Market analyses claim that in the future, networking will shift more and more towards so-called Open Networking. Open Networking relies mainly on hardware and software disaggregation, i.e. with open standard bare-metal equipment and a choice of independent NOS (Network Operating System). Such an approach fits with the main industry trends, like Software-Defined Networking, virtualization, containerization and of course, cloud computing.
Other benefits of open networking include:
- Flexible architecture
- CAPEX and OPEX savings
- Avoiding vendor lock-in
- Community-driven innovation
The purpose of this article is to share our experience gained during our attempt to use SONiC for a sample, but non-standard use case.
SONiC - what is it and where has it come from?
SONiC, which stands for Software for Open Networking in the Cloud, is an open-source, Linux-based NOS dedicated to running network equipment. Originally developed by Microsoft and the Open Compute Project (OCP), and currently hosted by the Linux Foundation, SONiC is steadily gaining recognition in the networks and open-source communities as a driver of innovation for which industry reports forecast further rapid revenue growth in upcoming years.
The solution was primarily developed to equip Microsoft’s own Azure data centers’ switches, and proved its value in such a role. It was then open sourced and is now freely available on GitHub. Today’s releases already offer out of the box a strong portfolio of network functions, which can be extended independently from the hardware vendors - and this is what our work aims to cover.
The ecosystem is already jaw-dropping, involving 50+ global software and hardware giants and will definitely grow further. On the development side, while the Linux Foundation primarily focuses on the software component, it has partnered with OCP to align with the hardware part, in particular the SAI specification (Switch Abstraction Interface), which is assumedly the key enabler to provide SONiC developers with a vendor-independent way of controlling forwarding elements like ASIC.
Fig. 1 SONiC logo
What were we trying to achieve with SONiC?
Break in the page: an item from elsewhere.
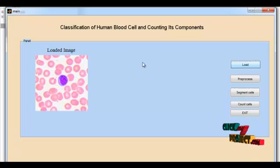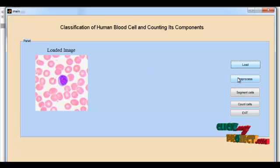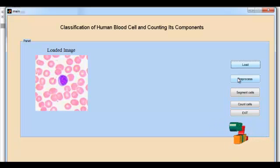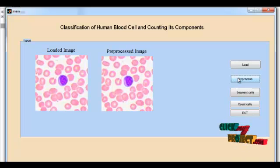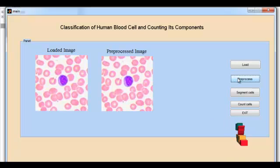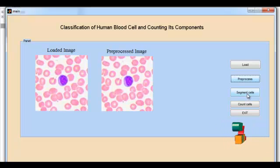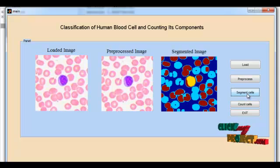This image consists of RBC, WBC, and also platelets. Then we perform the pre-processing step to remove the noises. Before that, it separates the red, green, and blue channels, and then performs the median filter for each channel. After that, the pre-processing step combines all the channels together and displays the pre-processed image.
Observing the recognition which SONiC has gained since its initial release in 2016, we at Codilime decided to conduct our own experiment and gain some hands-on experience in order to form our own opinion, and potentially seed a new competence in our portfolio. Our goal was to find out how difficult and labor- and time-intensive it would be to deliver a relatively uncomplicated, custom (natively unsupported) network functionality for SONiC.
After checking the portfolio of supported features in SONiC, we decided to design and build a proof of concept of a simple load balancing functionality, allowing to distribute packets based on the ISO OSI layer 4 payload (chosen fields from the payload of layer 4). As an example use case, we’ve chosen the GTP-U protocol (which is carried as a layer 4 payload) with the distribution to be based on the Tunnel Endpoint IDs (TEID) field value. GTP-U stands for GPRS Tunneling Protocol - User plane; it is one of the key protocols in the mobile networks of all generations, from 2G through 5G.
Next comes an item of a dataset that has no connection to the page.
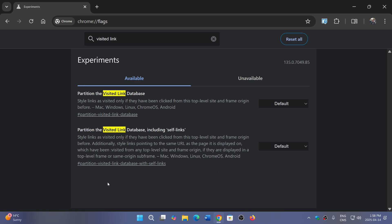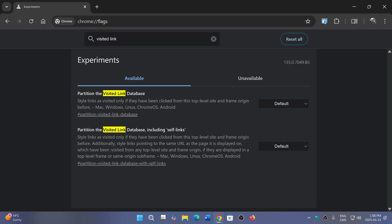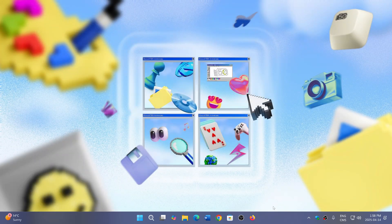If you want to turn it on immediately before Chrome 136 arrives to have more privacy, Chrome flags once again, search for partition the visited link database. From what I understand this is the one to change, you don't have to change both. This will make things a little more private. Now it's an experiment because it's not yet fully available so it could behave differently, but starting with Chrome 136 you'll have a lot more privacy thanks to that.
The example, even though quite specific, has the potential for relatively wide generalization, making our work useful for a larger set of use cases involving other upper layer protocols and various load balancing strategies. Our case uses GTP’s TEID field to make load balancing decisions, but may also very well be based on a completely different field or fragment belonging to a completely different network unit. The real question we wanted to address was how tedious it would be to develop a feature, not necessarily this particular one.
SONiC and SAI - architecture and key components
The SONiC system has a modular architecture built on independent Docker containers interacting with each other through a central Redis database engine.
Fig. 2 SONiC system architecture, source
The main components include:
- Network applications, responsible for higher-level management of network functionalities; for example, BGP or SNMP.
- A central Redis container. This is used both as runtime storage and as a means of communication for other parts of the system. It consists of multiple databases, responsible for system configuration, system state, statistics etc. A unique database worth mentioning is the ASIC_DB, which is used for both steering and reflecting the underlying dataplane (ASIC) configuration.
- SwSS container. The Switch State Service (SwSS) is a collection of processes essential for communication among all SONiC modules. It coordinates communication between the network applications, the database and the system kernel. A unique component worth mentioning is the Orchestration Agent, responsible for interpreting the control configuration and setting the dataplane config accordingly.
- SyncD container. This is meant to provide synchronization between the ASIC database (ASIC_DB) representation and the switch’s actual hardware/ASIC using SAI.
This is just a high-level overview of the parts we find important because we needed to actively deal with them in this project. For a detailed description of the architecture, please refer to the official SONiC Wiki page.
More about Switch Abstraction Interface (SAI)
The Switch Abstraction Interface is at the heart of the SONiC dataplane configuration. It’s an open-source set of tools for interfacing with general vendor-agnostic switch functionalities. It’s used by SONiC as an isolation layer between the generic SONiC functionalities and the hardware-specific platform details.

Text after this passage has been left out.